Take a moment and study the photo. Admire the complexity of this little purple flower. The colors are exquisite. The shape of the flower is almost tropical in design. The little “hairs” on the tops of each petal are unique. Even the green leaves underneath each flower have an almost Victorian look. All this beauty and intricacy — in a weed!

As I was on my hands and knees, phone in hand, trying to get the best shot of this tiny flowering weed I’m sure the neighbors thought I was a bit crazy. But there on the ground, as I sat gazing with amazement I was reminded of an important lesson the Lord Jesus teaches in the Scriptures. It’s one of those lesser to greater lessons that he used so often to get us to focus on the truths of the character and promises of God.

“See how the flowers of the field grow. They do not labor or spin. Yet I tell you that not even Solomon in all his splendor was dressed like one of these. If that is how God clothes the grass of the field, which is here today and tomorrow is thrown into the fire, will he not much more clothe you—you of little faith?” (Matthew 6:28b-30)

This passage reminds me that God knows we are prone to anxiety. Our hearts and minds are bent towards worry. Jesus teaches believers that the cure to worry is to consider the flowers. Consider the reality that if God so decorates the flower of a weed that is here today and gone tomorrow, he will surely care for his adopted children who he has secured for all eternity through Jesus Christ.

How often we run here and there fretting over small and great things! How little we stop and take the time to marvel at the tiniest of flowers and use that as a lesson to remember the teachings of our Lord. The way to combat the frantic worried mind and heart is to stop and look at the flowers God has created. When we marvel at the beauty, creative mastery, colors, shape (and even smell), of something as insignificant as a flowering weed it should cause us to be reminded that God cares infinitely more for his adopted children than for that weed dressed in colors Solomon only dreamed about. And if that be the case, what in the world do we really have to worry about? Oh, we of little faith indeed!

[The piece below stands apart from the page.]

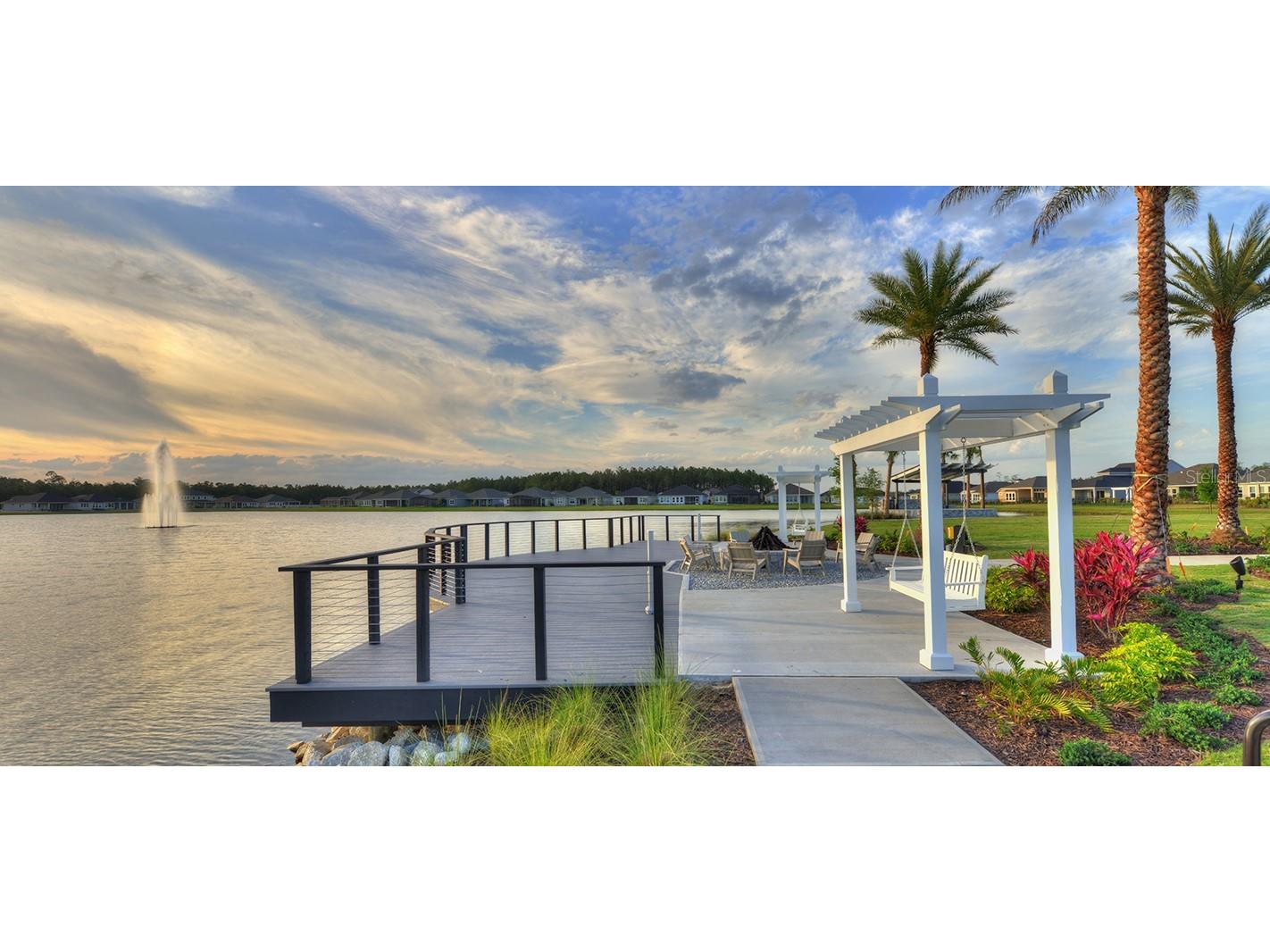 247 Azure Mist Way Daytona Beach FL 32124 TB8419287 image39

If you are like me, you sometimes feel paralyzed by worry and anxiety. Over time I have slowly come to realize two important things. First, worry is a sin because we are in essence doubting God’s goodness and his providence. Second, the cure to worry and anxiety is to saturate your mind with the great truths of the word of God and his character. How amazing is it that our Lord teaches us to gaze at little flowers to help us be reminded of both of these truths!

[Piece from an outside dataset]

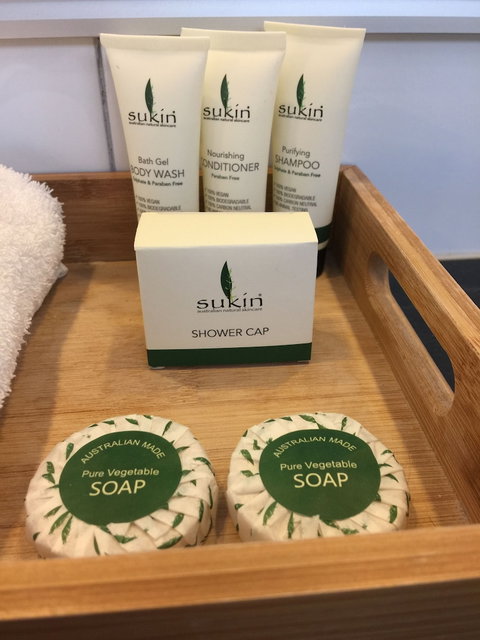 Caledonian Hotel Motel - Northern Rivers Accommodation 5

So next time you are out and about, take a moment to stoop down and marvel at something as insignificant as a flowering weed. If you marvel through the lens of Scripture, it will be a balm to your weary anxious soul.

The Destructiveness of Worry

“Do not worry about anything–but in everything, by prayer and petition, with thanksgiving, present your requests to God. And the peace of God, which transcends all understanding, will guard your hearts and your minds in Christ Jesus.” Philippians 4:6-7

Learning not to worry, is one of the lessons that every Christian should master.

Worry is a terribly wasteful experience:

  • it uses up the strength we need for our duty,
  • it unfits us for doing our work well,
  • it is dishonoring to God, for He has promised to care for us, if only we do His will faithfully,
  • it is utterly fruitless, for it does not take away the things that it frets over.

The Bible gives many lessons on the subject–but none that makes plainer just how we are to eliminate worrying from our life, than what Paul here tells us to do.

First of all, we are simply not to worry: “Do not worry about anything.”
There is no room for exceptions, special circumstances, and all that.
We are not to worry about anything.

What then shall we do with the matters that we are disposed to worry over? Put them into the hands of God in prayer–and leave them there! If we do this–then the peace of God will guard our hearts and thoughts from all anxiety.

It will be a great benefit to us in every way, to learn this lesson.